We’d perhaps go so far as to include nesting:
"{
{Jeffries@last,Ron@first,Pinckney@City}@NULL
{Hendrickson@last,Chet@first,Atlanta@City}@NULL
}"
The point is that where now we loop over all the records, we could translate
aSet:hasAt(e,s)
With its long loop into a single
str = "{"..e:toCSV().."}@NULL"
return data:find(str)
And that would fly.
We can do that in any case, set theory or not. If our storage model is set theoretic at base, Dave would argue, and I would agree, things would probably be better. For example, we could implement more than just addAt
and hasAt
. We could implement a specialized byte-scanning version of intersect
or union
or restrict
, set-theoretically, and then those operations would also execute at speed.
I used to refer to operations like that as “byte movers”. I think it’s clear that if we can translate our higher-level notions of set operations into lower level byte movers, we can get very high performance, just because those operations are likely 100 or more times faster than reconstituting all the records and checking them for the right elements and scopes.

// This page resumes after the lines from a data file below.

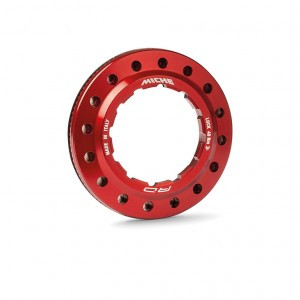 Abschlussmutter Miche Centerlock f. Innenschlüssel, rot, Aluminium, Stahl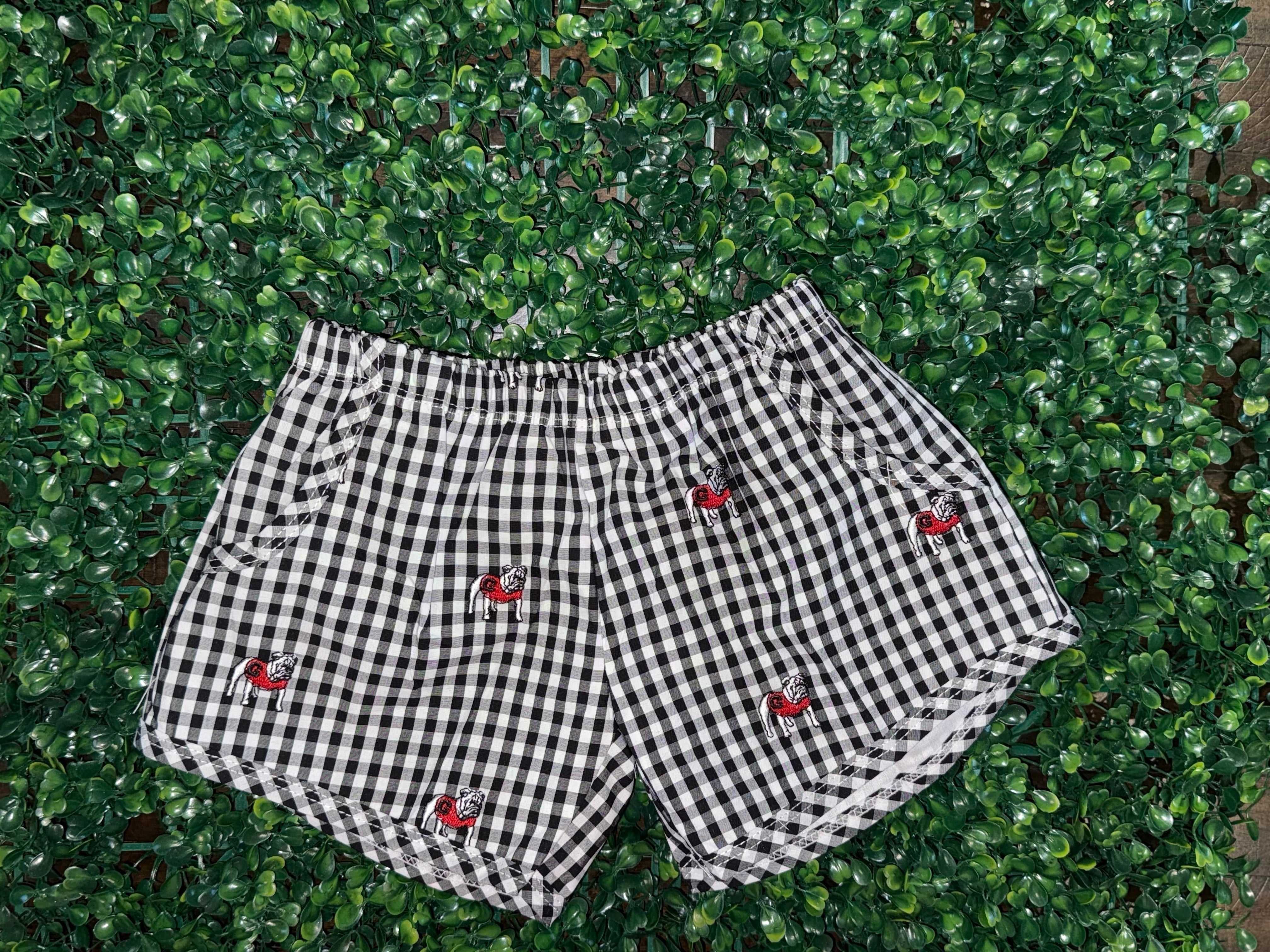 Uga Bulldog Black And White Shorts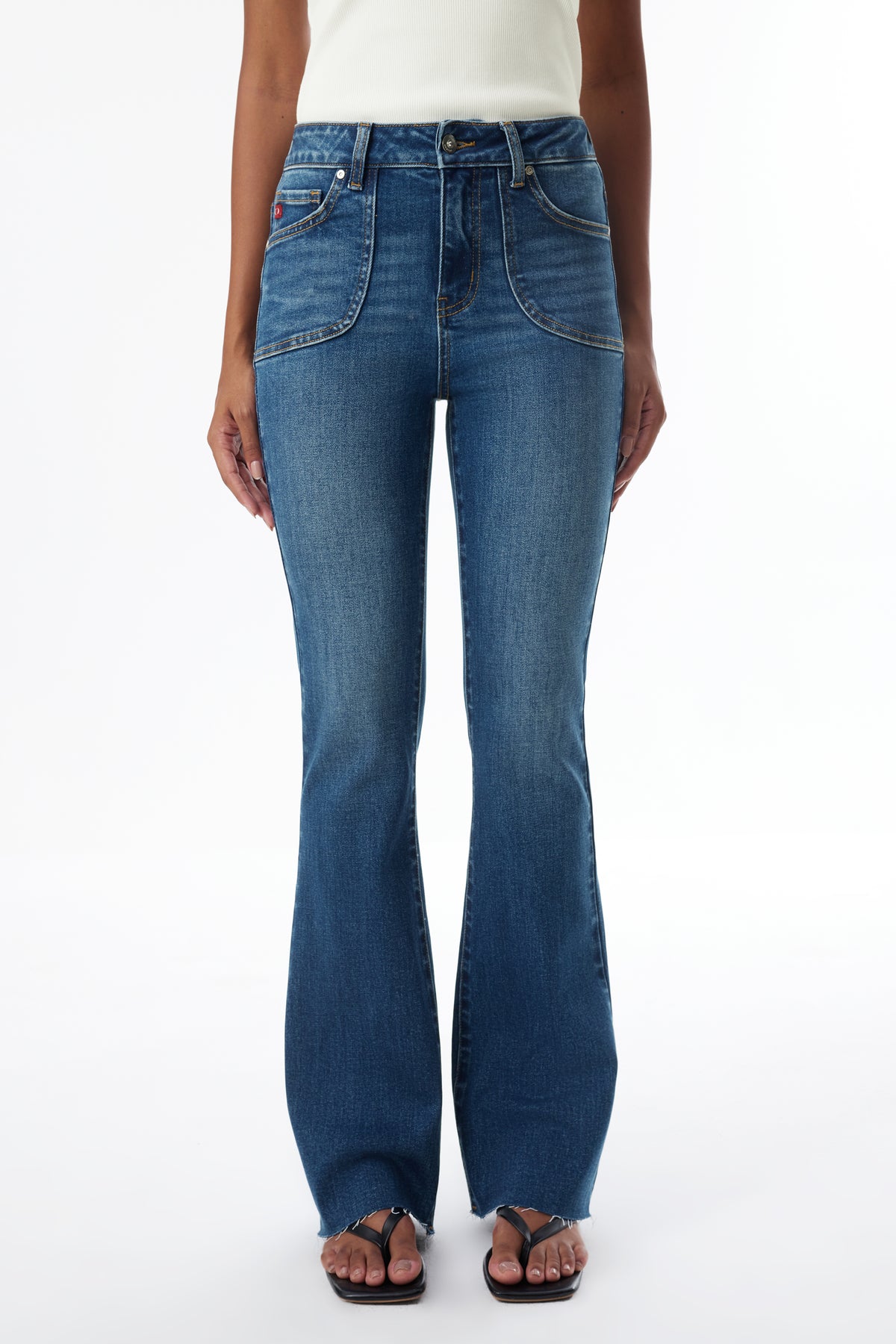 Plus Size High Rise Bootcut Full Jeans ESFF640111-P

The set theory would just help us get it right and to be certain that it all did the right thing.
But It’s Hard, Ain’t It Hard
Yes it is quite difficult. In particular, we have all the same ideas we had before, indexes and memory compares and hash tables, but now we also need to think in terms of formal mathematical operations and Dammit Janet, why can’t we just go ahead and code this thing up?
We always can. Note that that’s what we have right now. We have a set-theoretic topping on an ad-hoc storage model. But we can also see the need for a set theoretic storage model in the code we have.
Check out what we just wrote:
function XSet:addAt(element, scope)
if self.locked then error("set is locked") end
if self:hasAt(element,scope) then return end
if not self.contents[scope] then
self.contents[scope] = {}
end
self.contents[scope][element] = true
return self
end
function XSet:hasAt(element, scope)
local tab = self.contents[scope]
if not tab then return false end
if type(element) ~= "table" then
return tab[element] == true
else
for e,_true in pairs(tab) do
if type(e) == "table" and e:equals(element) then
return true
end
end
return false
end
end
See that loop inside hasAt
? That’s really nothing more or less than “there exists an element e that equals(element)”. We can’t code it using our current “exists” because the table tab
isn’t a set. And we don’t have an exists
method on tables. We could have, in principle. Maybe we should have.
But if instead of a table we had an s_set (a storage set), that s_set could have all kinds of nice operations attached.
So what we’re feeling is a bit of a call for a smarter storage model, one that can save us from this expensive O(N) record insertion, even if all it does is grant us a faster O(N), and ideally get us down to O(logN) or even O(1).
Will we get to a set-theoretic information model and a set-theoretic storage model? I don’t know yet. I feel that I have a clearer understanding of the desirability than I’ve had for years. That may or may not mean that I have enough understanding and enough gumption to actually do it.